Data-driven business models

Trust and Legal Certainty for the data-driven Economy? A look into the EU Data Governance Act

Published on 14th Jun 2022

The EU sees a bright future for a European data economy. The ambition of the Data Governance Act (DGA) is to enhance legal certainty by defining governance mechanisms for the sharing of data. The DGA focusses on certain forms of data sharing, especially for data held by the public sector. But it will also be relevant for the private sector and could be supplemented by sector-specific rulemaking such as the European Health Data Space.

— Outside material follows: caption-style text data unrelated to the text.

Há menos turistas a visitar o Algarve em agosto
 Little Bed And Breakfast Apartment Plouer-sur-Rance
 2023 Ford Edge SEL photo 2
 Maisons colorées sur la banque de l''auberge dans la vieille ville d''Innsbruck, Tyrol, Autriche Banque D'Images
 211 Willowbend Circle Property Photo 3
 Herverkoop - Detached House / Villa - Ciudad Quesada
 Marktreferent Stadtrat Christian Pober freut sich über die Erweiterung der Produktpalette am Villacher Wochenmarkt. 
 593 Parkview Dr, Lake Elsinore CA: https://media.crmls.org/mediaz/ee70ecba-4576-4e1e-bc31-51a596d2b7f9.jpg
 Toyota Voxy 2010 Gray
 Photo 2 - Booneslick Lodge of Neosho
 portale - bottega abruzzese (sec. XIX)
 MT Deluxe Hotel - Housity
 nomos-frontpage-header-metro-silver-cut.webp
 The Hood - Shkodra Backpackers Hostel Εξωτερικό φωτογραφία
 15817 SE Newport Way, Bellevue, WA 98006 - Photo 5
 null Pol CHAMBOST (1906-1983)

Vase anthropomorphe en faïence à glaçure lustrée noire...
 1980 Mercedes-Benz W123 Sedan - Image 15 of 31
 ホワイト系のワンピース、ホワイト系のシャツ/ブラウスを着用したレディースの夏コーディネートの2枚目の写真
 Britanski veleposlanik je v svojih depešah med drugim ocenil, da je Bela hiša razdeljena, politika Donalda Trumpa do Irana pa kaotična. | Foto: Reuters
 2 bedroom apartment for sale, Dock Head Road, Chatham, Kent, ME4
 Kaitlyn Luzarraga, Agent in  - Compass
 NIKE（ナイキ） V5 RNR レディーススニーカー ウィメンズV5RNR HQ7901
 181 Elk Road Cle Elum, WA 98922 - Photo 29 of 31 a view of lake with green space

This is chapter 2.13 of Data-driven business models: The role of legal teams in delivering success

Key Takeaways

  • register interest hand checkbox
    The DGA aims to enable access to data and interoperability, while safeguarding personal data, confidentiality and intellectual property rights 
  • The DGA defines a governance framework for data pooling and data sharing initiatives in both public and private sectors
  • Trust and effective means of protection are essential conditions for data sharing initiatives, both for commercial and non-commercial purposes 
  • Innovative services and data markets could emerge and flourish, leveraging the legal certainty and the governance framework laid down by the DGA

Scope

The DGA is part of a wider EU policy effort to regulate the data-driven economy. The EU's ambition is to promote data sharing, and ensure that data is and remains findable, accessible, interoperable and re-usable (referred to as the FAIR acronym). In short, the EU wants businesses to compete on their intrinsic merits, rather than on the amount of data they happen to possess or control. But in order to achieve that purpose, there is a need for increased legal certainty, in particular with respect to data that is protected or restricted under data protection law, intellectual property or trade secrets rules. 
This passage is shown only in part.